The business side is actually not even interested in the bugged arm and would like to go with an approach I proposed earlier in the project.
I’ve learned a lot since I pushed the bugged change and my code and communication has improved but my managers comment plus all the news about layoffs and perfs and PIPs has had my anxiety through the roof the past few weeks. Anyone else feeling the same?
Sorry to hear about your recent rough patch - It happens to all of us! That being said, here are my thoughts:
For a lot of tactical advice around upholding system quality, I highly recommend my system design series as well: System Design Masterclass: Taro Playlists
Suggest you to read through this resource and the answers in the thread:
Hello - I see links to the techcareergrowth channel on Slack. How do I get access?
To make things easier, I'll inline the thread from Tech Career Growth Slack. Keep in mind that I did not write this and the Grab Senior Engineer deserves all the credit (this will be much better once we have public identities in Taro Q&A, haha).
Sharing this in the channel, as I feel this is quite relevant to all of us:
The first thing to realise in case of any production incident is the fact that "you're not alone". Unless you are the sole person with the know how and handling an entire service or application by yourself (for early stage startups), there would always be other peers, leads and engineering managers that you can always loop in and take help from. This is especially crucial as folks who face production incidents for the first time end up feeling they would be targeted and it would leave a black mark on their careers in the organisation, especially in the times of remote work. This however, could not be further from the truth.
"Ownership" and "Responsibility" are one of the key aspects of a good software engineer, especially important for your career growth. If you realise that there is some issue that is linked to you, and you can support it, I would suggest you do. You can pour in your thoughts on how a certain item you worked on, may be linked to the issue at hand. In case you're able to provide analysis on the impact, or can just mention to the people handling the issue that you worked on a related aspect and can assist them, it would be a great thing to do. (proving that you're proactive and can go above and beyond your current assigned items)
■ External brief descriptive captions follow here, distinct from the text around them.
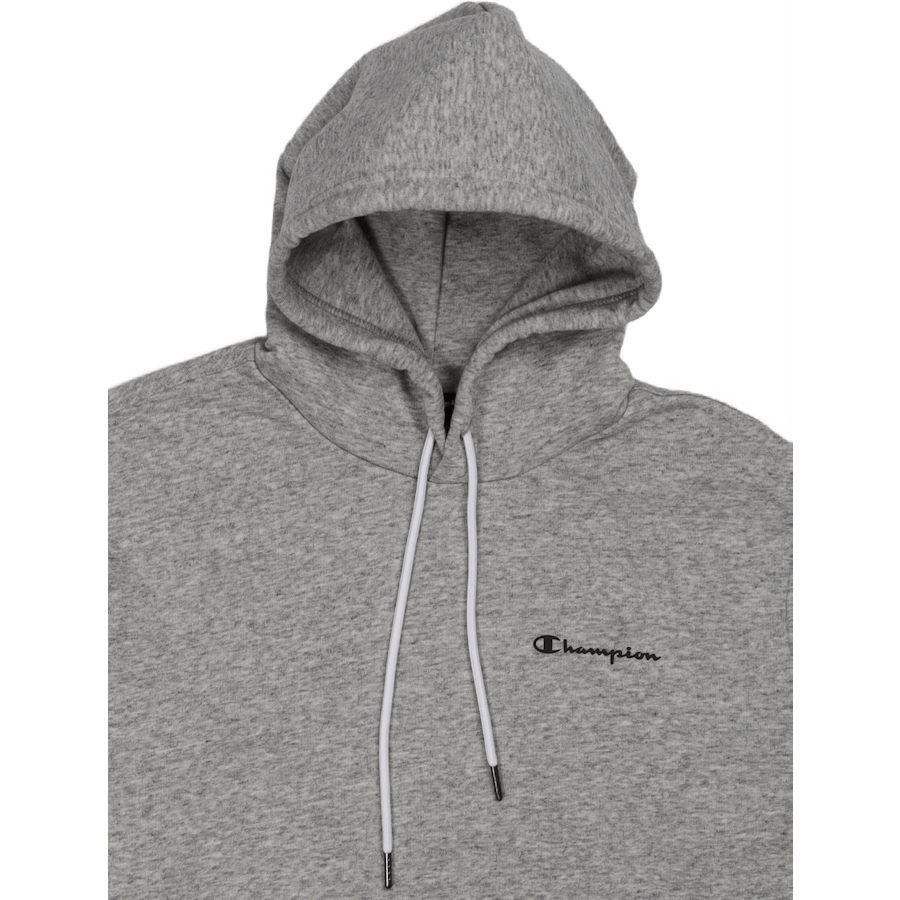 Felpa con cappuccio New Oxford Grigio Melange
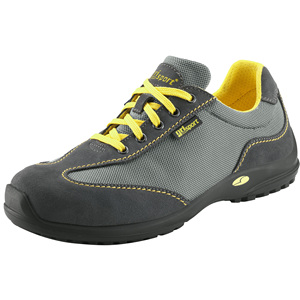 Scarpe Antinfortunistiche Basse S1P SRC Capri Scamosciate Colore Grigio Taglia 41 - Product Image 1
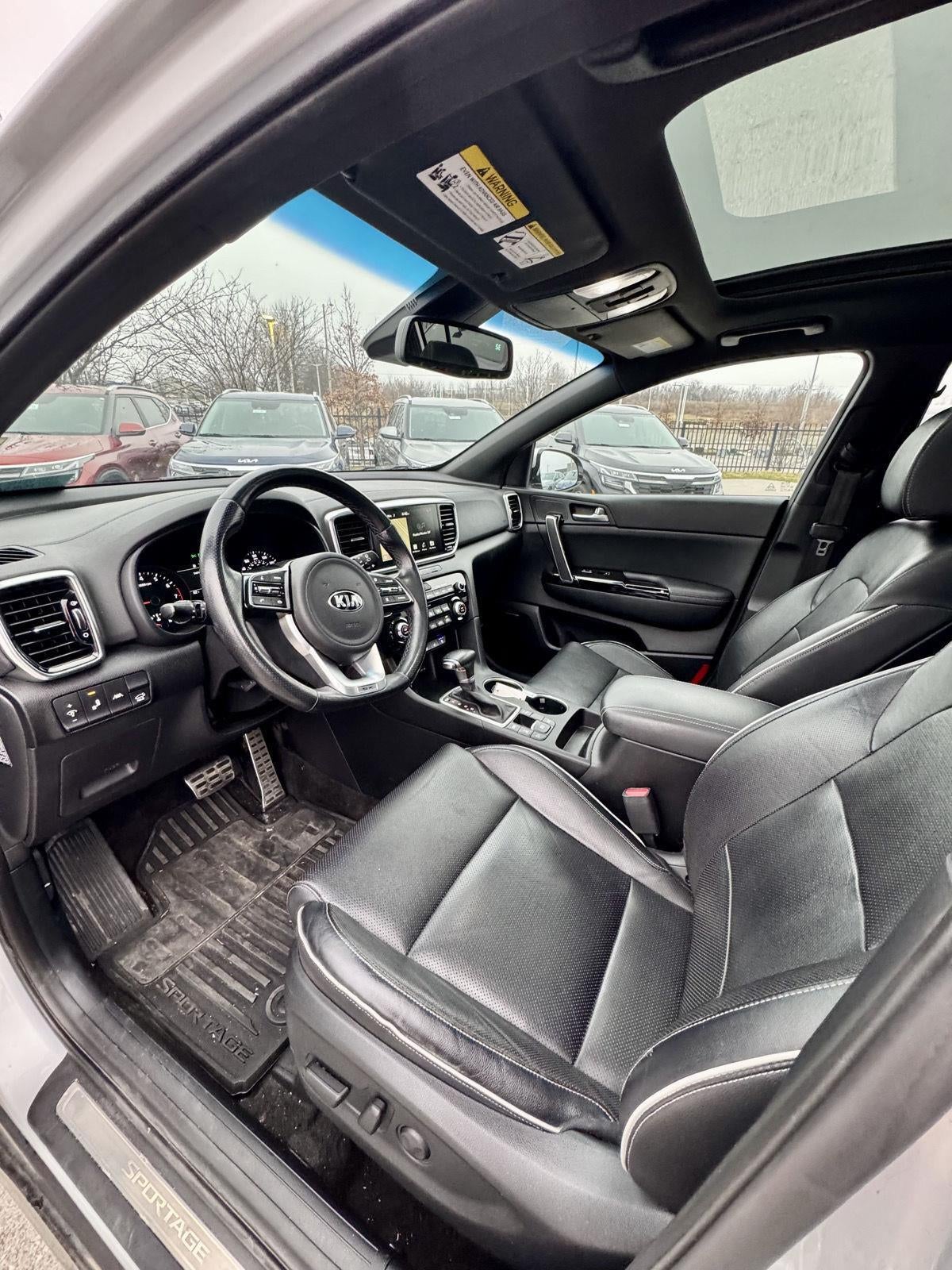 2022 Kia Sportage SX Turbo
The most important thing in case of a software incident is to put the fire out. This may involve a quick fix or something that may involve planning for both a short term and a long term fix.
The next step is RCA preparation. This involves eliciting the following:
Once we have the RCA, I would suggest to setup a Postmortem discussion on the issue. This could be a recurring call. Fixing issues in silos does little help to the service as the learnings are not evangelised.
Share it with the team. If possible, beyond your team as well. Fostering a culture of learning starts with all of us. And taking the first step in that direction can lead to a much better state.
With the ever growing size of services, it is rarely a single factor or person that causes the issue, but a bunch of factors and weak processes combined, that lead to the issue. Fixing them at its core helps the services.
Coming back to one of the points in the original post, on whether an apology should be put out. Personally, I feel that as software engineers who grow up to be software product owners within an organisation, we need to try and better the processes, which can act as multiple quality gates to leave little to no room for issue. An apology does little with that regards. Coming up with ways to contribute to the issue at hand, and improving the service as a whole is something that is much much more impactful.
Sharing a much relevant document on blameless incident handling: https://www.atlassian.com/incident-management/postmortem/blameless, https://sre.google/sre-book/postmortem-culture/
Again, everything in the block is not written by me and is written by the Grab Senior Engineer.